Payday lending lobbying isn't limited to the national level. Payday lending firms in Tennessee, the birthplace of such loans in the 1990s, are spending significant amounts of money in politics.
Check Into Cash, the Cleveland, Tenn.-based payday lender that was a pioneer in promoting the industry, has spent $61,000 in 2014 supporting political action committees as well as members of Congress and the U.S. Senate, including thousands of dollars from individual executives, according to the Center for Responsive Politics.
Jones Management Services, the entity that controls Check Into Cash, is the fifth-largest payday lending donor in the U.S., according to the Center for Responsive Politics. The company gave $82,900 in the 2013-2014 cycle, behind the Online Lenders Alliance, Community Financial Services Association, Advance America and QC Holdings.
And that's just in direct gifts.
The industry as a whole spent another $1.5 million on lobbying in 2014, including $550,000 spent through the Online Lenders Alliance. The OLA then paid firms like Polaris Government Relations, which also represents AT&T, Verizon and Comcast, to lobby on its behalf.

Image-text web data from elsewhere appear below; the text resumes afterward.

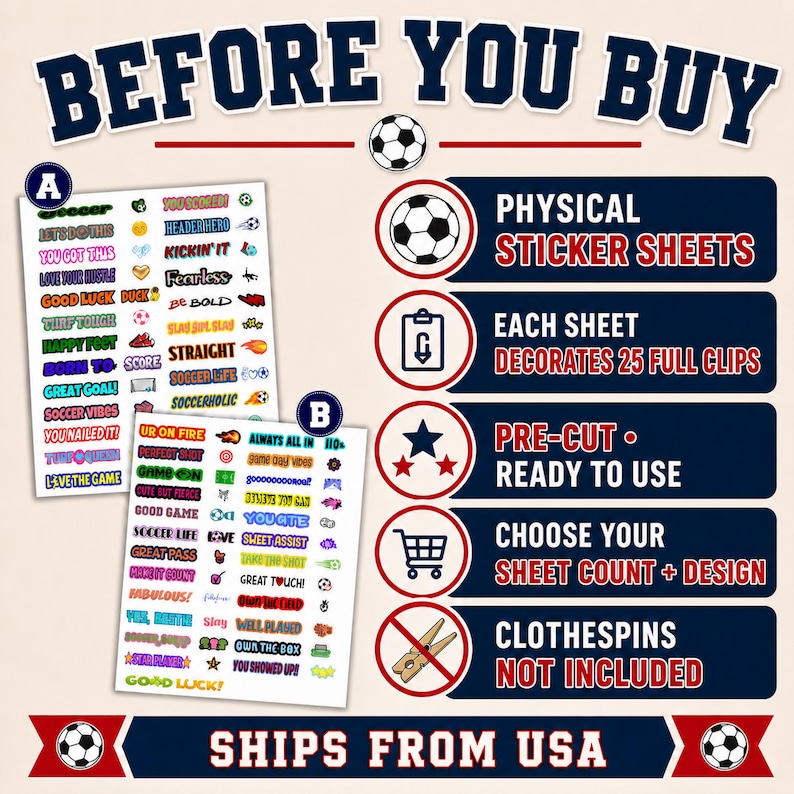 An informational graphic titled Before You Buy featuring two soccer-themed sticker sheets labeled A and B on the left and five navy blue banners on the right detailing product features. This is a perfect soccer gift for any young athlete who loves to customize their gear. The graphic ensures buyers know exactly what is included in their physical sticker sheet order, from sizes to quantities.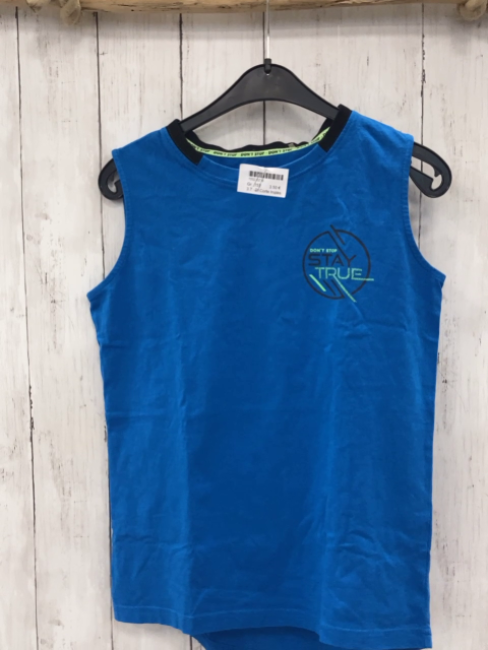 El Corte Inglés  T-Shirt  Gr. 152  blau Schrift schwarzer Bund 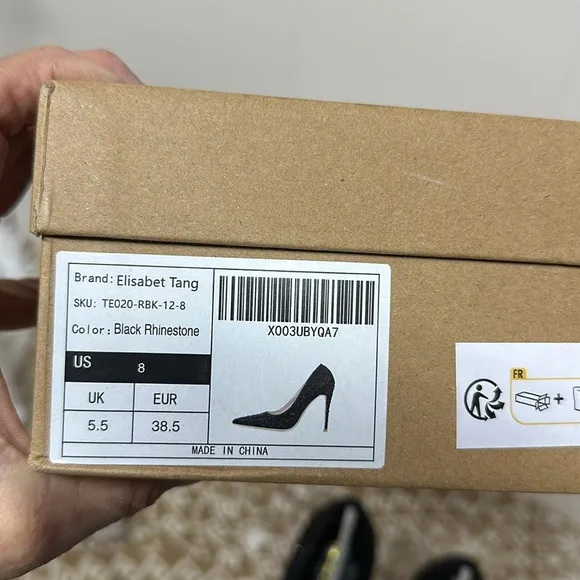 Elisabet Tang Women Pumps, Pointed Toe High Heel Glitter Rhinestone Heels Sparks
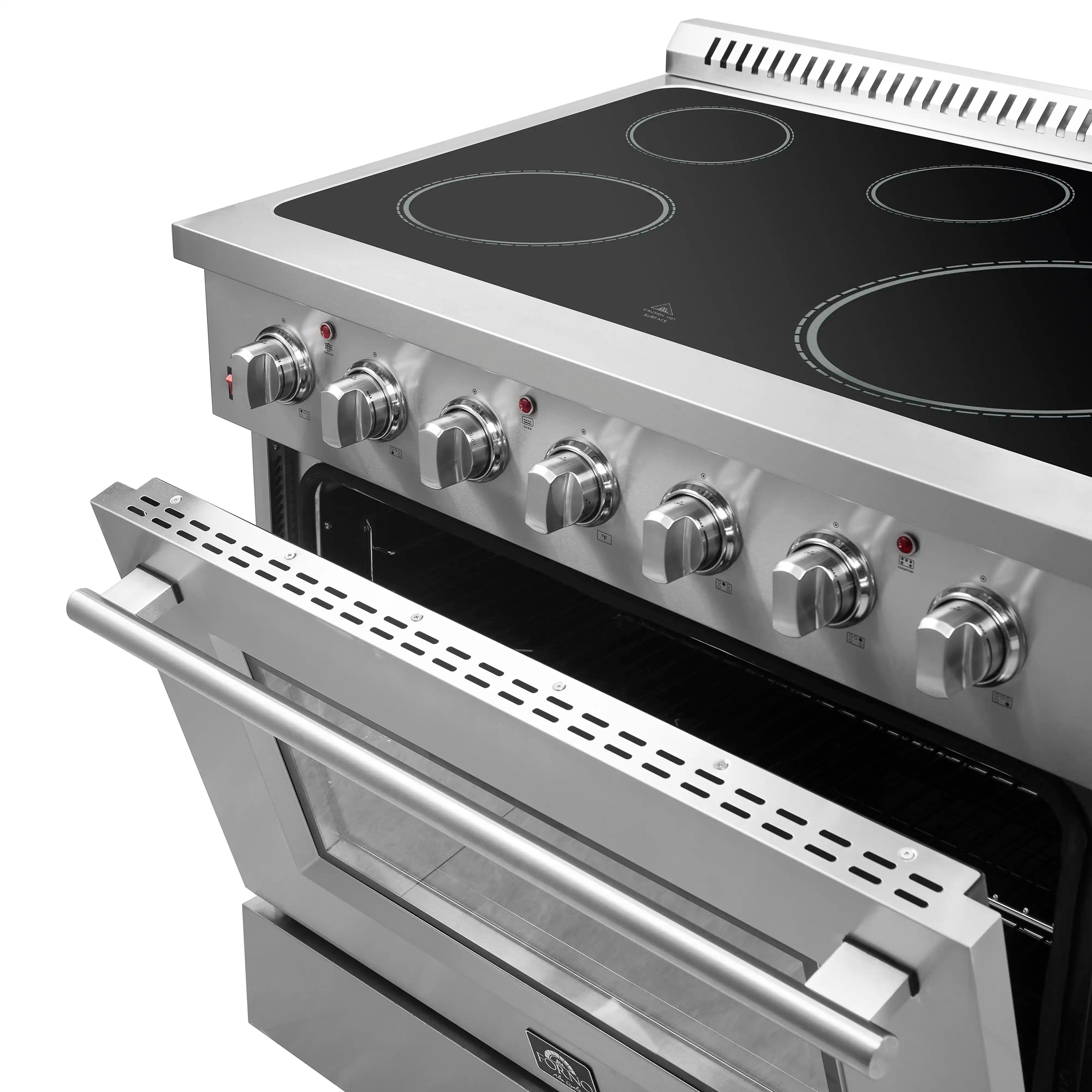 Stainless steel electric range close-up of control knobs and black cooktop surface.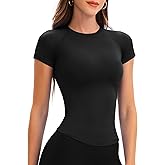GUWIDEO Short Sleeve Workout Shirts for Women Crew Neck Compression Workout Tops Breathable Lightweight Athletic Yoga Tees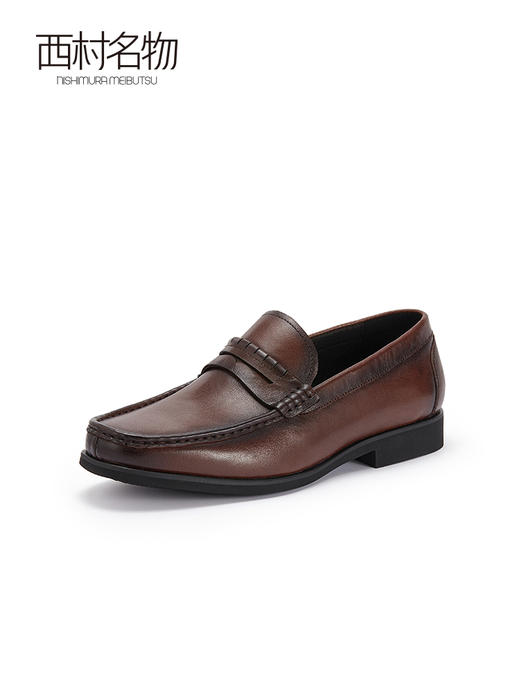 西村名物2023秋季新品舒适百搭一脚蹬休闲鞋真皮透气英伦风34601 商品图1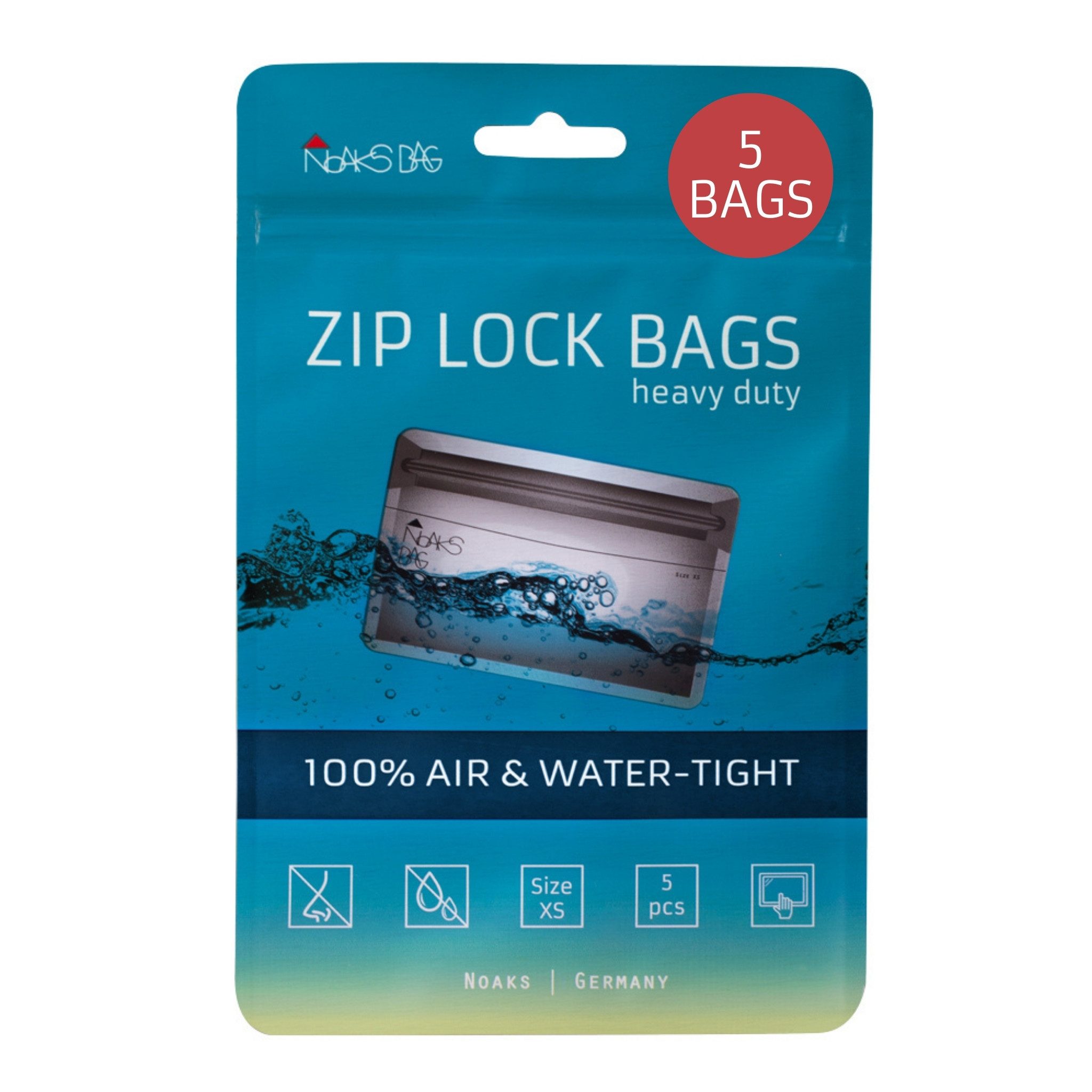 Noaks Aufbewahrungstasche Noaks Bag, das Original, 100 % geruchs- und wasserdicht, 5 Zip-Beutel, Dokumententasche, Reise Pack-Beutel Vakuum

The OLA was by far the largest client represented by Polaris, paying $300,000 to bend the ears of politicians, according to the Senate Office of Public Records.
"The industry is pushing every button they can to influence this," Murray said. "But we have an opportunity here after years and years, we have a moment to really reform this industry, and folks are paying attention so we can make sure this is a good rule without a lot of loopholes."